Yamazaki Mika L, Lum Christopher A, Izumi Allan K
John A. Burns School of Medicine, University of Hawaii at Manoa, Honolulu, Hawaii, USA.
J Am Acad Dermatol. 2009 Jan;60(1):157-61. doi: 10.1016/j.jaad.2008.07.017.
The term Richter syndrome (RS) describes the transformation of chronic lymphocytic leukemia into a high-grade lymphoma. RS occurs in 3% to 10% of chronic lymphocytic leukemia cases, and its onset is often characterized by the abrupt development of systemic symptoms (eg, fever in the absence of infection, night sweats, and weight loss), progressive lymphadenopathy, and hepatosplenomegaly. RS frequently arises in the lymph nodes or bone marrow, and rarely presents with extranodal involvement, which includes the gastrointestinal tract, eye, testis, central nervous system, lung, kidney, and skin.
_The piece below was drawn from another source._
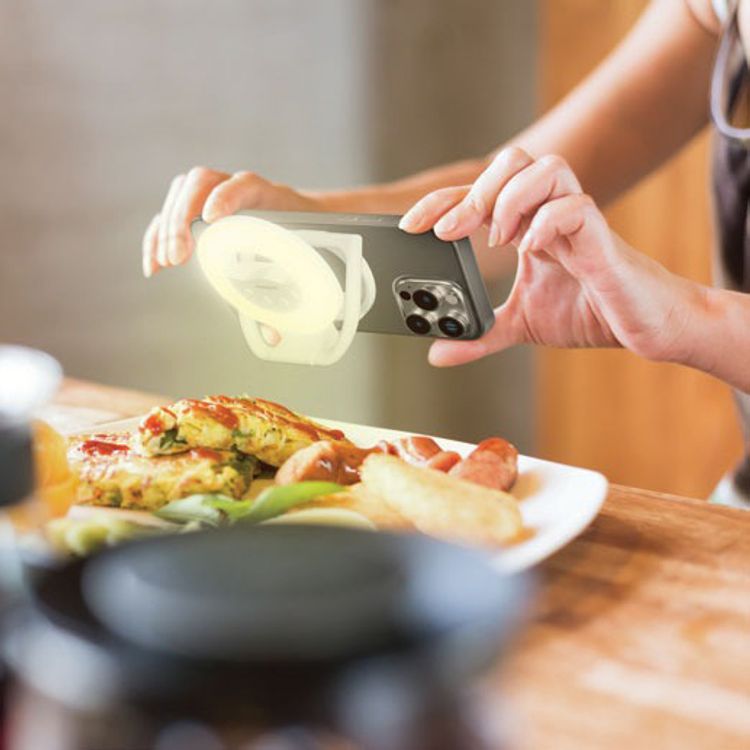 Porodo Lifestyle Snapbright Magnetic LED Fill Light with Adjustable Phone Mount, Up to 6 Hours Working Time, 800 mAh Battery Capacity, 3 Light Modes, Adjustable Angle Flexibility, 60 LED Beads, USB-C Charging Port - White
We review the literature regarding the clinical course and treatment of RS, present a patient with primary cutaneous RS, and discuss the prognostic implications.
里氏综合征(RS)这一术语描述了慢性淋巴细胞白血病向高级别淋巴瘤的转化。RS发生于3%至10%的慢性淋巴细胞白血病病例中,其发病通常表现为全身症状(如无感染情况下的发热、盗汗和体重减轻)突然出现、进行性淋巴结病以及肝脾肿大。RS常发生于淋巴结或骨髓,很少出现结外受累,包括胃肠道、眼、睾丸、中枢神经系统、肺、肾和皮肤。我们回顾了关于RS临床病程和治疗的文献,介绍了一名原发性皮肤RS患者,并讨论了其预后意义。